• [What you are asked to do]
Your output must reproduce all the records below precisely and contain no pictures.
Material for this task Start Marker
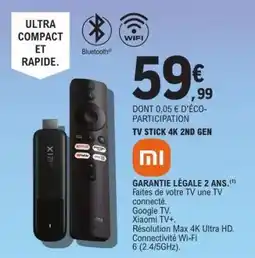 E.Leclerc TV STICK 4K 2ND GEN offre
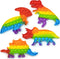 only U Dinosaur Pop Fidget Toys Set, Silicone Rainbow Dinosaur Popper Fidget Set for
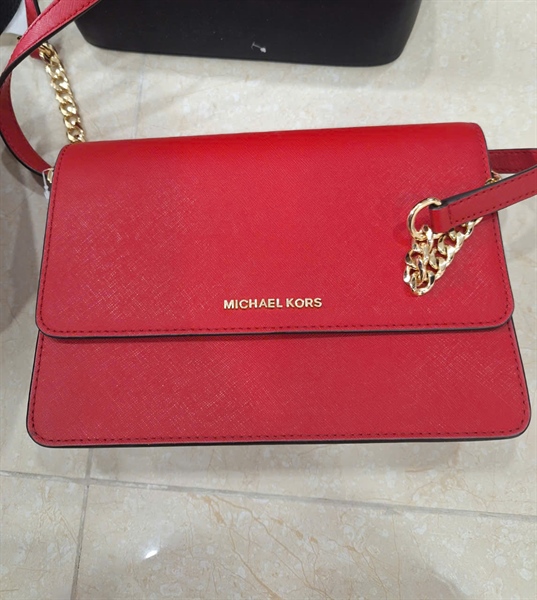 Túi Michael Kors màu đỏ sz24 (PN) +
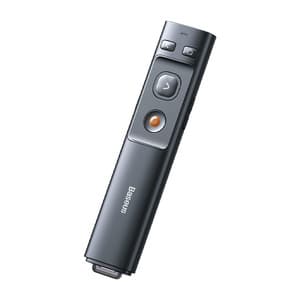 Baseus Orange Dot Multifunksjonell fjernkontroll for presentasjon, med laserpeker - grå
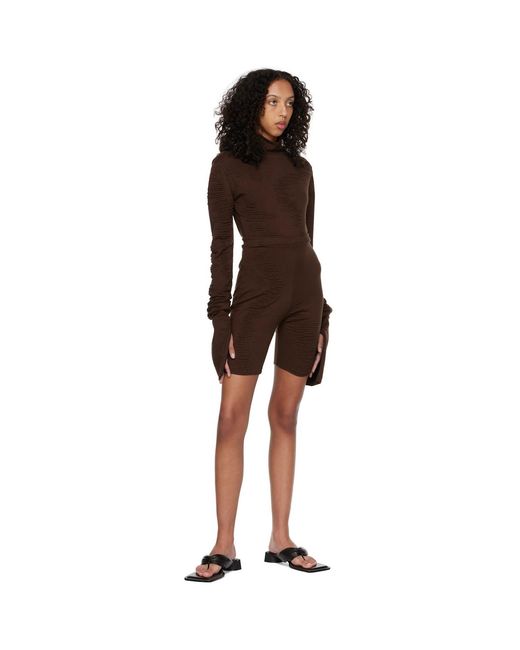 SELASI Brown Ssense Exclusive Kbn Knitwear Edition Bodysuit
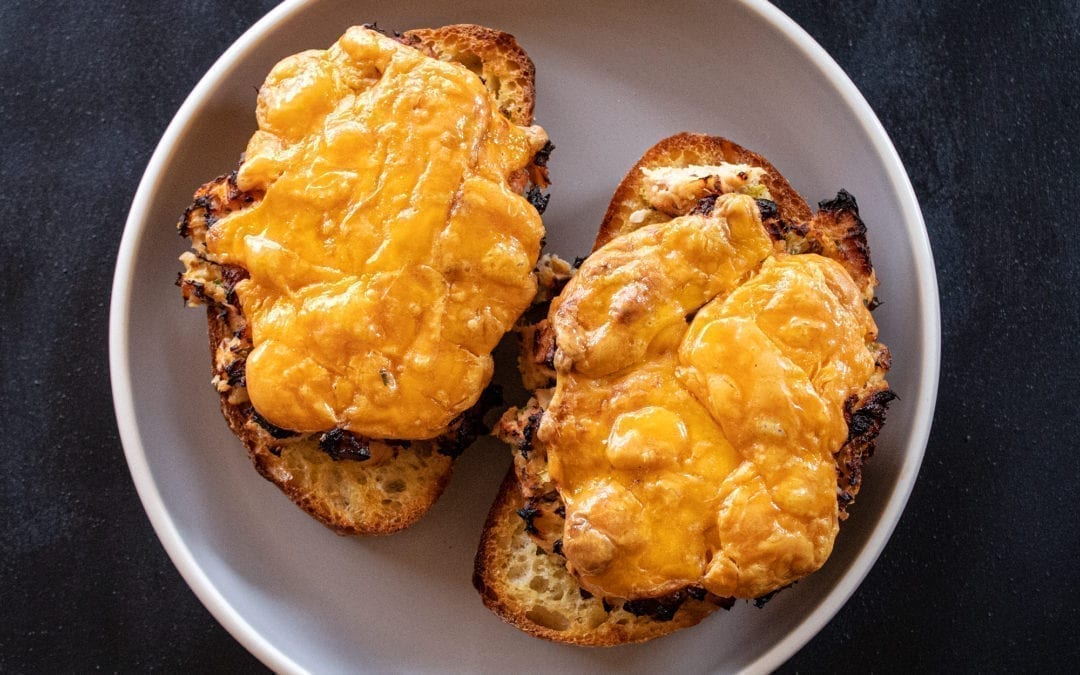 Alder Planked Tuna Melt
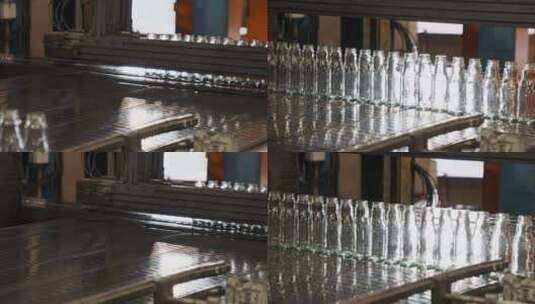 玻璃瓶制造流水线高清在线视频素材下载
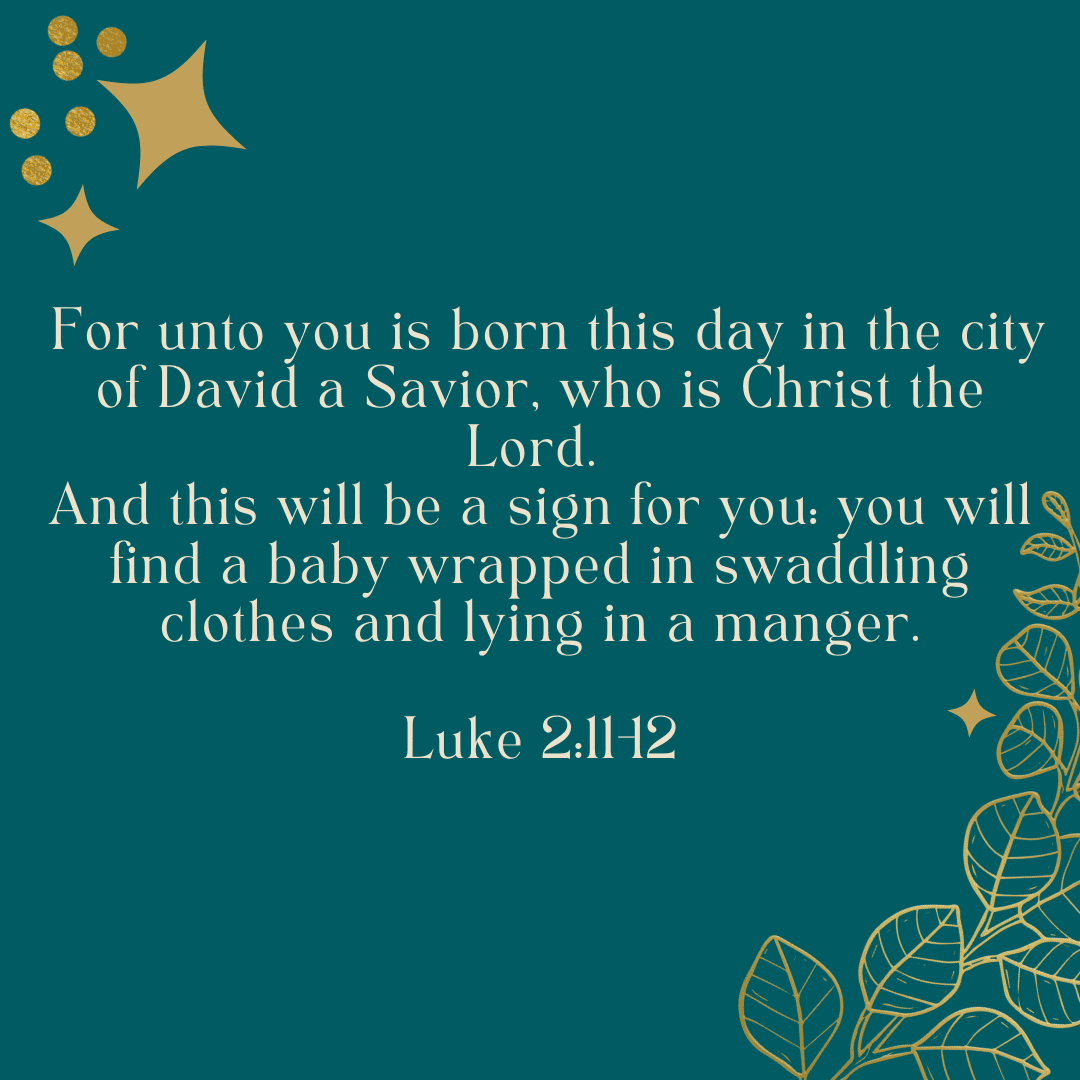 Bible Verses About Christmas For Preschoolers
Material for this task End Marker
• [Answer for this exercise]
 E.Leclerc TV STICK 4K 2ND GEN offre
 only U Dinosaur Pop Fidget Toys Set, Silicone Rainbow Dinosaur Popper Fidget Set for
 Túi Michael Kors màu đỏ sz24 (PN) +
 Baseus Orange Dot Multifunksjonell fjernkontroll for presentasjon, med laserpeker - grå
 SELASI Brown Ssense Exclusive Kbn Knitwear Edition Bodysuit
 Alder Planked Tuna Melt
 玻璃瓶制造流水线高清在线视频素材下载
 Bible Verses About Christmas For Preschoolers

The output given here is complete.